Há algum médico na sala? E um Cruzado?

 

A nova classe, o Crusader, traz-nos uma vertente aberta à construção do personagem: desde a possibilidade de optarmos por desenvolvê-lo enquanto tanque ou como fonte de dano, esta inovação de Reaper of Souls responde à habitual (suave) inovação que as classes novas das expansões de Diablo usualmente trazem.

Todas as alterações que foram sendo feitos nos últimos tempos, como objectivo de uniformizar o jogo base para a preparação da chegada de Reaper of Souls acabaram por mostrar-se mais do que profícuas: desde as alterações dos níveis de dificuldade, até ao novo sistema de looting (e a possibilidade de partilharmos itens apenas com os jogadores com quem estamos a jogar) traz uma frescura ao jogo que foi inquinado, quase desde a sua génese, pelo Auction House.

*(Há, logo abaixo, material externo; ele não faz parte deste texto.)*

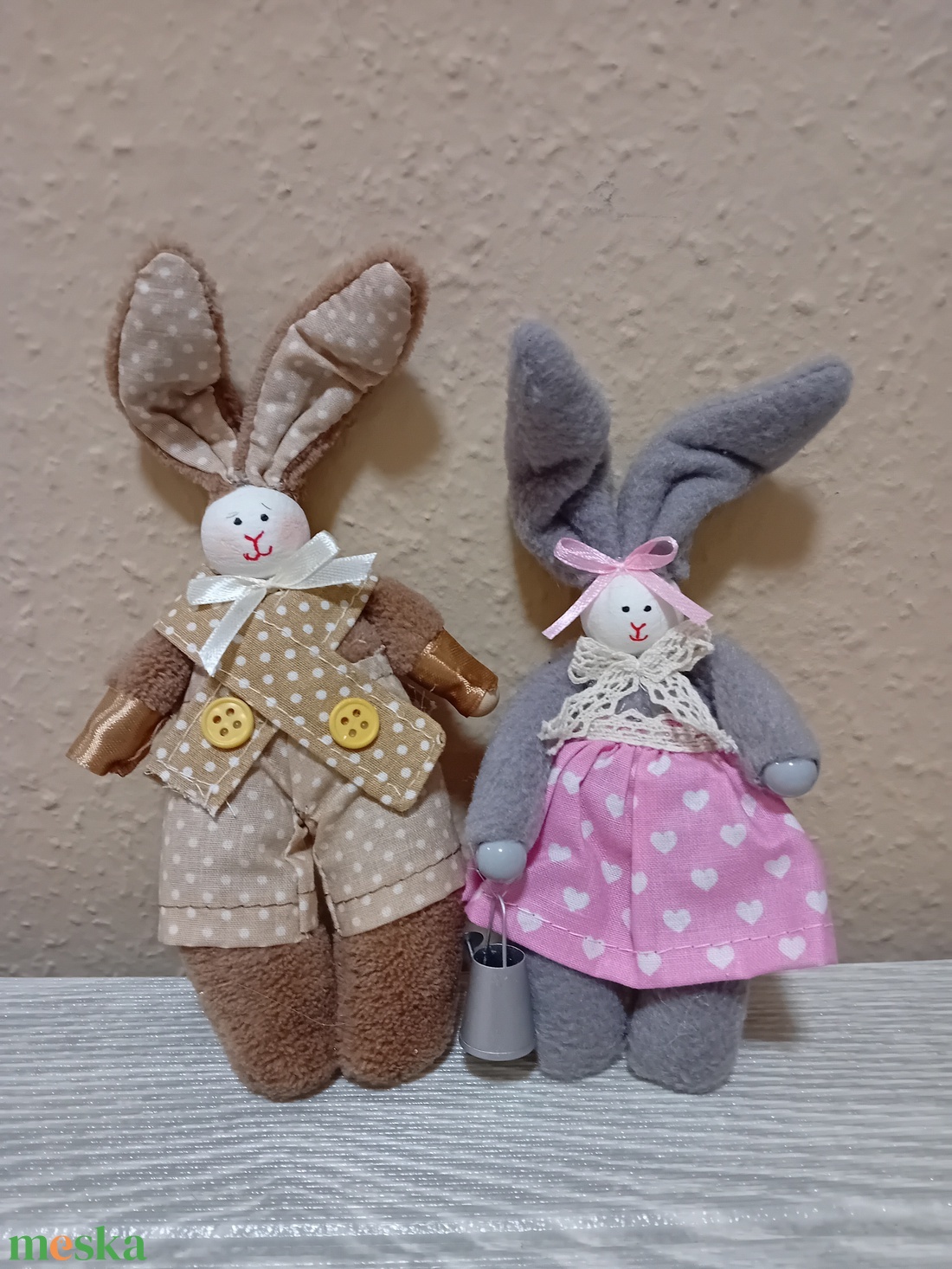 2 db nyuszi - otthon & életmód - dekoráció - fali és függő dekoráció - függődísz - Meska.hu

Um outro ponto positivo deste Reaper of Souls (apesar do preço relativamente proibitivo para algumas carteiras (39,99€)) é percebermos que todos os pequenos pormenores que compõem esta expansão foram tido em consideração: desde a criação de novos monstros e novos bosses, até aos cenários que diferem do jogo base, dá-nos a perfeita sensação de estarmos a jogar algo novo e não apenas a continuação reciclada de algo que já jogámos.

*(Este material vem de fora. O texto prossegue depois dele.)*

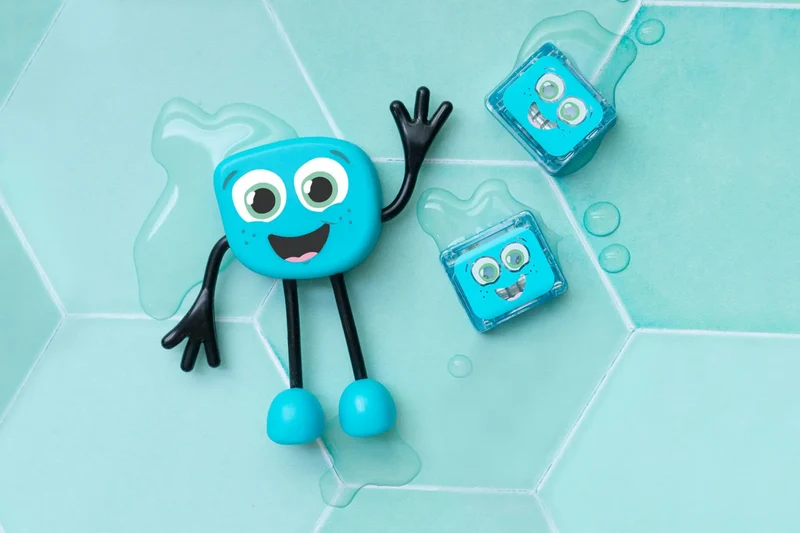 GloPals Set Personaje + 2 Cubos luz BLAIR Azul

O melhor: o modo de Aventura; a nova classe; todas as alterações feitas ao jogo base para acomodar esta expansão.

O pior: o preço (para o novo conteúdo) e a longevidade do Acto V.

Diablo III – Reaper of Souls não vai conquistar novos jogadores nem convencer os críticos da série que desta vez a aposta em mergulhar no hack and slash mais famoso de sempre é uma boa escolha. Mas de muitas formas a expansão soube não-lograr as expectativas da sua base de fãs e todos os milhões que já dispunham de Diablo III. Criou (e entregou) neste pacote de expansão o conteúdo a que todos estamos habituados sem querer correr o risco de inovar excessivamente. Veio sim, através do Modo de Aventura, trazer uma longevidade que teimava em faltar a todo o jogo, mas que ganha aqui um novo fôlego e uma nova aproximação.  E abriu, como se espera, as portas para futuras expansões. Mas isso não surpreende ninguém pois não?

 

Diablo III – Reaper of Souls é um exclusivo PC.